Richie Anderson

No. 33, 20
- Position: Fullback

Personal information
- Born: September 13, 1971 (age 54) Olney, Maryland, U.S.
- Listed height: 6 ft 2 in (1.88 m)
- Listed weight: 215 lb (98 kg)

Career information
- High school: Sherwood (Sandy Spring, Maryland)
- College: Penn State
- NFL draft: 1993 (6th round, 144th overall pick)

Career history

Playing
- New York Jets (1993–2002); Dallas Cowboys (2003–2004);

Coaching
- New York Jets (2005–2006); Arizona Cardinals (2006); Kansas City Chiefs (2009–2011);

Awards and highlights
- Pro Bowl (2000); Second-team All-East (1991);

Career NFL statistics
- Rushing yards: 1,274
- Rushing average: 4
- Rushing touchdowns: 4
- Receptions: 400
- Receiving yards: 3,149
- Receiving touchdowns: 14
- Stats at Pro Football Reference

= Richie Anderson (American football) =

American football player and coach (born 1971)
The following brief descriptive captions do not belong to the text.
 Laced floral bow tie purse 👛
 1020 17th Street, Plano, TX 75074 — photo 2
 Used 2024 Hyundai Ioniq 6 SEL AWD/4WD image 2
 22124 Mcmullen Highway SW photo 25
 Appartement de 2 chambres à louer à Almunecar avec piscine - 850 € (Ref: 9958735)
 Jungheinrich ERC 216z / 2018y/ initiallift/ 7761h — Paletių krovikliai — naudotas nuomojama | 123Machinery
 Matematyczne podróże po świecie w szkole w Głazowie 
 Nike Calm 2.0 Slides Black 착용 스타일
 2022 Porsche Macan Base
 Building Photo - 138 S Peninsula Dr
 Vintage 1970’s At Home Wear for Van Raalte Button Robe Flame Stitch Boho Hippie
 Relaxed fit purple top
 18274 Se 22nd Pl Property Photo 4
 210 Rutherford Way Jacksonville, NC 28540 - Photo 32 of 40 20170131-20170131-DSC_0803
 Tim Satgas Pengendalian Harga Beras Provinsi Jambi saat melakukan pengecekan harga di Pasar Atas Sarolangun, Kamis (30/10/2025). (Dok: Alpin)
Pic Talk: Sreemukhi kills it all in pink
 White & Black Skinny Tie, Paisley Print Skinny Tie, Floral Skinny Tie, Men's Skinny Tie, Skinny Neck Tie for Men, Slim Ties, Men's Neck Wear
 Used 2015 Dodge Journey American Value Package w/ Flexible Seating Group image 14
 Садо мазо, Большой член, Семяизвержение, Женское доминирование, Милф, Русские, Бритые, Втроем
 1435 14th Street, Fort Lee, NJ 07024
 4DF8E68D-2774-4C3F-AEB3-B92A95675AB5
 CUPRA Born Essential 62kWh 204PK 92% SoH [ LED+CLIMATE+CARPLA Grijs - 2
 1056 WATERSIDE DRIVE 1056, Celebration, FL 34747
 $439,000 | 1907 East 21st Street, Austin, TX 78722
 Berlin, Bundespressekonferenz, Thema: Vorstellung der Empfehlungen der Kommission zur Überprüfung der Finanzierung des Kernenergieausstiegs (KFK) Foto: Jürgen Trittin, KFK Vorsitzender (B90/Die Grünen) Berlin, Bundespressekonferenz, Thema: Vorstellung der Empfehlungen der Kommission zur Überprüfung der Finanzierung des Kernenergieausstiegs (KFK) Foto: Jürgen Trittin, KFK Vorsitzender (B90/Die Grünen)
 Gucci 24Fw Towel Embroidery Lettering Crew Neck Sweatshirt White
Richard Darnell Anderson (born September 13, 1971) is an American former professional football player who was a fullback in the National Football League (NFL) for the New York Jets and Dallas Cowboys. He played college football for the Penn State Nittany Lions.

==Early life==
Anderson attended Sherwood High School. As a sophomore, he was a two-way player at running back and safety. As a junior, he tallied 1,512 rushing yards and 18 touchdowns in the regular season.

As a senior, he appeared in 10 games, posting 2,062 rushing yards (8.18-yard avg.), 22 touchdowns and five two-point conversions. He received All-state, Prep All-American, Washington Post Offensive Player of the Year and USA Today Maryland Player of the Year honors. He finished his high school career with 3,500 yards.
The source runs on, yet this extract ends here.